オルタナ仙人・J・マスキス(自分はずっとマスシスで覚えていたのですが、最近これなんですよね、界隈)の本体バンドの6作目で、世間的には初期のダイナソー……BUGとかと比べると、90s中期に発表されたこのあたりの盤の評価は、あんまり、なんだか地味であります。
といいうかダイナソーの評価って、2nd、3rd、そしてグランジ・ムーヴメント(メジャー)としてのGreen mindあたりを第一の極点として、次に専門筋で「Hang it over」(すごい好きな一枚です)の戦慄性が語られ……再結成は話題になったけど、大方の評価はこの再結成も「悪くはないけど、初期よりはね……」みたいな。

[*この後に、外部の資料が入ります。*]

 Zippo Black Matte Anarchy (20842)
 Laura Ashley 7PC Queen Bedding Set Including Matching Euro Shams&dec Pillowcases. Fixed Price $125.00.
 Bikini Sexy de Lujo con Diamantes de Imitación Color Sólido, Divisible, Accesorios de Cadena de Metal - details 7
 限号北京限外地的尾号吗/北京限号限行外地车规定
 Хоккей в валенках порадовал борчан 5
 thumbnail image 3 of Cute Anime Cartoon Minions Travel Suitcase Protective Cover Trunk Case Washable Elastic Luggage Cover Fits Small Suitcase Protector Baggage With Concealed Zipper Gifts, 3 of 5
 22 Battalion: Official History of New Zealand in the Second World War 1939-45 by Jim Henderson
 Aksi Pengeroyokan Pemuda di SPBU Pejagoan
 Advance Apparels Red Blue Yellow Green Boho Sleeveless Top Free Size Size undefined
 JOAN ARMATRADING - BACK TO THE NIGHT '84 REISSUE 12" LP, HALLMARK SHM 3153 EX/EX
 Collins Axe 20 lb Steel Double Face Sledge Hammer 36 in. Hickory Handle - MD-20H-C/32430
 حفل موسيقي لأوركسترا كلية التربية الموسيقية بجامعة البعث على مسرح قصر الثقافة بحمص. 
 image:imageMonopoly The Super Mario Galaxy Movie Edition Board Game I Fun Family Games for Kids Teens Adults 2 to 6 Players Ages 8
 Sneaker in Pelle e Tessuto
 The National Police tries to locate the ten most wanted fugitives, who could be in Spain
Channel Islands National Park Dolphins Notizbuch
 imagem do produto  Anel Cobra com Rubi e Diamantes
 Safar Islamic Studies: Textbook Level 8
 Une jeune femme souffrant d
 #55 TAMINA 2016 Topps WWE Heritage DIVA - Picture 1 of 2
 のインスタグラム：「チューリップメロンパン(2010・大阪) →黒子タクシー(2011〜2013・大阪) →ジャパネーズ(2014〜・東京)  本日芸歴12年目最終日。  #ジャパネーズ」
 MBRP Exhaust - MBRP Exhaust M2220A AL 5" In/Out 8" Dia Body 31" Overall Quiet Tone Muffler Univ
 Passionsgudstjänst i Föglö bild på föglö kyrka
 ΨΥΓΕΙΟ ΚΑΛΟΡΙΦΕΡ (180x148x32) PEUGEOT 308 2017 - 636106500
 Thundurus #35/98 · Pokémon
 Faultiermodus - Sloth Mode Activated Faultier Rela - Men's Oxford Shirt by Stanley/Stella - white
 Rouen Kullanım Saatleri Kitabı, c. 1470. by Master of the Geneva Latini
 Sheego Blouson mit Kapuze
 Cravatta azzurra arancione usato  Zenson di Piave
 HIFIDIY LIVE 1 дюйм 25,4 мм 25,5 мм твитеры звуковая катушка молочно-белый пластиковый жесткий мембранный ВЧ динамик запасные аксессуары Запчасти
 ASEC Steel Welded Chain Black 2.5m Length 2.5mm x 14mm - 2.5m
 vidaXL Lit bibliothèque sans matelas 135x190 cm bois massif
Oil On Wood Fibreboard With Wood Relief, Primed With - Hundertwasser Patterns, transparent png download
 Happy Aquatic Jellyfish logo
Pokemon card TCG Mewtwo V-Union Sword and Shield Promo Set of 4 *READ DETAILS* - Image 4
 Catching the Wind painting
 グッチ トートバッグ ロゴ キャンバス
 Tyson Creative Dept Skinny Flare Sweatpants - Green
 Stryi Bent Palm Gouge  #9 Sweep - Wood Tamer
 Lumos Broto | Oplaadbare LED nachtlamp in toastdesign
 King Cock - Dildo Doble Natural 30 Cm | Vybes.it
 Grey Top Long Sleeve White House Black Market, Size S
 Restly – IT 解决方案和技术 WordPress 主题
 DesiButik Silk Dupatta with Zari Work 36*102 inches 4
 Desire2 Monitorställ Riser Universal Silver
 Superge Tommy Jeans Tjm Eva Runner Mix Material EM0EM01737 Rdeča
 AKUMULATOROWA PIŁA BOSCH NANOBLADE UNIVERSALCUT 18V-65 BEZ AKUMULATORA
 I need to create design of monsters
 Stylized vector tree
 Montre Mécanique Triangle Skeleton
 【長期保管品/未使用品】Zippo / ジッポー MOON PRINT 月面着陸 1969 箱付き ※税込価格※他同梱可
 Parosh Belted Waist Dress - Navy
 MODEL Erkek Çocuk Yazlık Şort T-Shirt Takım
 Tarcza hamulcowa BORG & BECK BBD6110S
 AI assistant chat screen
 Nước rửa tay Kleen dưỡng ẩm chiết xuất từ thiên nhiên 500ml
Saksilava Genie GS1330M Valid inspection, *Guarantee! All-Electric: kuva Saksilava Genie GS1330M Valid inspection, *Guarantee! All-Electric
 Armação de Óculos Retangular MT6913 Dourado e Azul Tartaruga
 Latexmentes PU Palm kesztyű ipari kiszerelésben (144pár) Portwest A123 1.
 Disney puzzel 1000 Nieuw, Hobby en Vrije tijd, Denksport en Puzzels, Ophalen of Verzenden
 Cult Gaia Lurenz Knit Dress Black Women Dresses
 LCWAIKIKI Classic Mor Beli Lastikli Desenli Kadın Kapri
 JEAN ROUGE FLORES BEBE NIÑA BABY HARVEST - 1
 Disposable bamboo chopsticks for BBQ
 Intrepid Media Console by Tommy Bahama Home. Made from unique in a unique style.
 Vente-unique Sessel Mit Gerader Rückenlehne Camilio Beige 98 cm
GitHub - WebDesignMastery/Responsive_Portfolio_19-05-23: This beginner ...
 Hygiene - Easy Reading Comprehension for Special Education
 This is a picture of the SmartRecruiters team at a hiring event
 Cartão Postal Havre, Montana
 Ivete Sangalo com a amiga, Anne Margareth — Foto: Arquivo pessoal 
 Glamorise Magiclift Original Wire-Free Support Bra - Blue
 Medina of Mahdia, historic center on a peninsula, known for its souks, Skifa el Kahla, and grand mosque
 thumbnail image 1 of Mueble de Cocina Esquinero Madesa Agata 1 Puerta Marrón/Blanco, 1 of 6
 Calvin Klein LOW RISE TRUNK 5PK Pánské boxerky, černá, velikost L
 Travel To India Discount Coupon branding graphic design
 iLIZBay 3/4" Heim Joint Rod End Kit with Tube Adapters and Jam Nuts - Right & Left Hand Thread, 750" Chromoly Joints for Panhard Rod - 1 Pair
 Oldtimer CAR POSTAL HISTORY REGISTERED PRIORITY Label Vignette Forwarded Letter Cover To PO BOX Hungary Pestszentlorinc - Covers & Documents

わかった。んで、このレビューブログでは、そういう世間の「ささくれ轟音じゃなければ価値がない」という方針に抗うことにする。わたしがそうですから。
まず、ジャケを見てみましょう。
暗い!
しょぼくれた変な子供(?)が不安そうに、こっちをオドオド見ています。バック(背景)もすげー適当。黒と緑。
それがどこまでアルバムと同期となるのかはさておき(ダイナソーのアルバムジャケって、だいたいヘンだし)、少なくとも、サウンドは「壮大に広がる」というのではなく。そういう作風なアルバムじゃなく。
あからさまな爆走チューンは少し。
しかし大体において、いつもの「ジャズマス+マフ+マーシャル」のぶっといギターに、なんかてけとーなダルいvo。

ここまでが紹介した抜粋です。